I didn’t hear this piece, Richard, but coincidentally, having caught up with your blogs from yesterday and earlier today, I was going to add a comment along similar lines, not least because the latest PAC experience illustrates very clearly how corporate interest now takes precedence over all else. Indeed, it demonstrates beyond doubt something you regularly point out here, that institutions and agents of the state (e.g. HMRC) no longer see their purpose as the pursuit of aims and goals that are in the broader public interest but as synonymous with those of big business, multi-nationals, and the 1%.
Where I perhaps differ from the person on Radio 4 is that my argument would NOT be that the enslavement of democracy (and thus democracies) by big business is desirable, but that it is what has been and is happening, not just here in the UK but pretty much globally. In short, it’s a statement of reality.

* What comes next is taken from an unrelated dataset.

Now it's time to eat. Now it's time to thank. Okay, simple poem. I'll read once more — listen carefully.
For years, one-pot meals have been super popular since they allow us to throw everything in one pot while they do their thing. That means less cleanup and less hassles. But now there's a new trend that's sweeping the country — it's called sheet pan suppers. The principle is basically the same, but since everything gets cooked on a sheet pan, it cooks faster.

The very worrying thing about this situation is that so few people, a. realise that it has – and is – happening; and b. appreciate the full extent of the descent into the corporate state. That is. how far we are already down that road (and this applies even in academia where too many of my fellow political scientists have spent too many years focusing on the democractic potential of new technologies and lost sight of the ongoing capture of the fundamental levers of power – though that is not to dismiss the significance of bloggers such as yourself).
Even more worrying is that politicians have a vested interest in either ignoring or talking down the significance of this turn to corporate democracy/dictatorship. They like to pretend they still exercise power and influence. And with some persuasions of government it could be claimed that there is at least some effort made to face down, or militate against the forces of corporate capture and control.

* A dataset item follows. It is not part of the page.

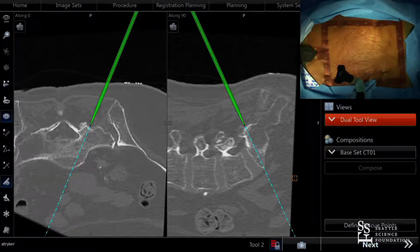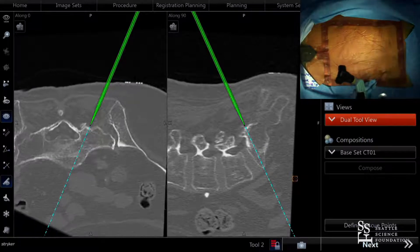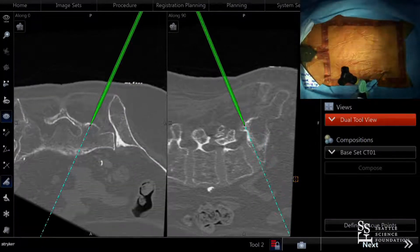The nice thing about navigation is we can really see our medialization, our starting point, and verify that we're not violating the facet joint. That looks like a pretty reasonable point — we're aiming toward the front of the sacrum, not violating the facet joint or the spinal canal. I'll go ahead and start tapping the Jamshidi.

But as we are seeing here in the UK, and as was evident in the US under Bush (though not much improved under Obama), and as we have also seen with the EC, a perfect storm is created when those in power are ideologically predisposed not only allow, but encourage, support and fund the extension of the corporate state.
You say the person on Radio 4 put a 25 year timescale on this trend. Personally I’d say that is optimistic. In the US it’s already debatable whether democracy functions other than at election time. Here, I’d say that with one or two more governments of similar leaning to the current one, or of New Labour, then ten years will see us hit a point at corporatisation of democracy is pretty much complete.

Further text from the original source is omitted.